Perl 6 isn't vaporware

A Perl project contributor takes me to task for selling the next-gen dynamic language short

I can accept that maybe Perl 6 "exists," as chromatic claims -- but so do countless other experimental languages, in labs and open source projects. At one time Ruby was just such a curiosity. The difference is that a couple of years went by and all of a sudden everyone is abuzz about Ruby. Major Web applications, such as Twitter, are now running (or stumbling) on Ruby. Where's Perl 6?

I fixed at least six bugs in Parrot today (which probably brings me to ten for the week, if not more). You can see my checkins at cia.vc or Ohloh and review the tickets I've closed at rt.perl.org. If Parrot and Perl 6 don't exist, what exactly what I was working on?

But come now -- there's existing and then there's existing. It only took two years to go from version 2.4 of the Linux kernel to version 2.6. That was a pretty significant upgrade, with an awful lot of people relying on that particular piece of software to work, work well, and work consistently. And yet they pulled it off. Further, it took only nine years to go from version 1.0 of the Linux kernel to version 2.6.
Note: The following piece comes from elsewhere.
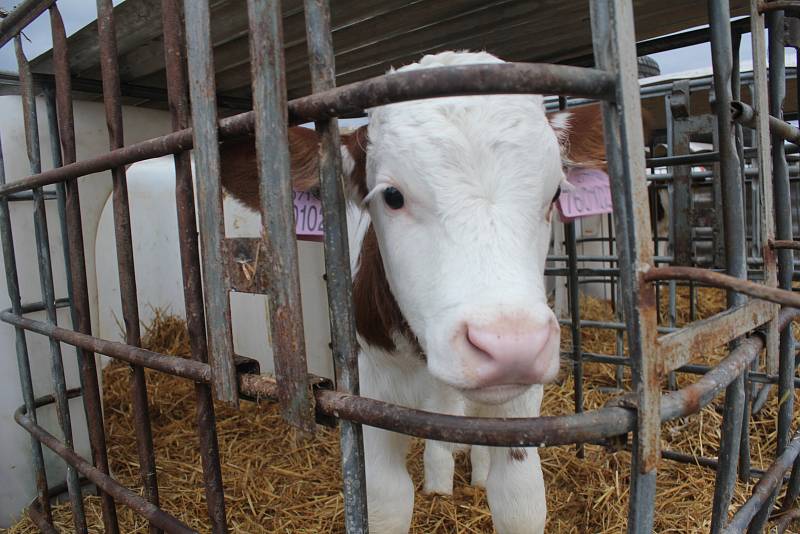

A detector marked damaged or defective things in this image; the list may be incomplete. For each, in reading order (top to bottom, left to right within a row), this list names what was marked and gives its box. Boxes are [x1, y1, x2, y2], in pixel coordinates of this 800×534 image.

Meanwhile, Perl 6 has been in development for eight years, and there's still no production release in sight. And don't tell me there have been lots of upgrades to Perl 5 in the meantime; that might be true, but it doesn't count when everyone's supposed to be planning for an earth-shattering, backward-compatibility-breaking release that promises to be so important that Larry Wall started throwing around the word "apocalypse."

To me, it doesn't matter if there's a binary called Perl 6 that I can execute or not. How can the Perl 6 language not be vaporware if the Perl hacker community can't use it for real-world jobs?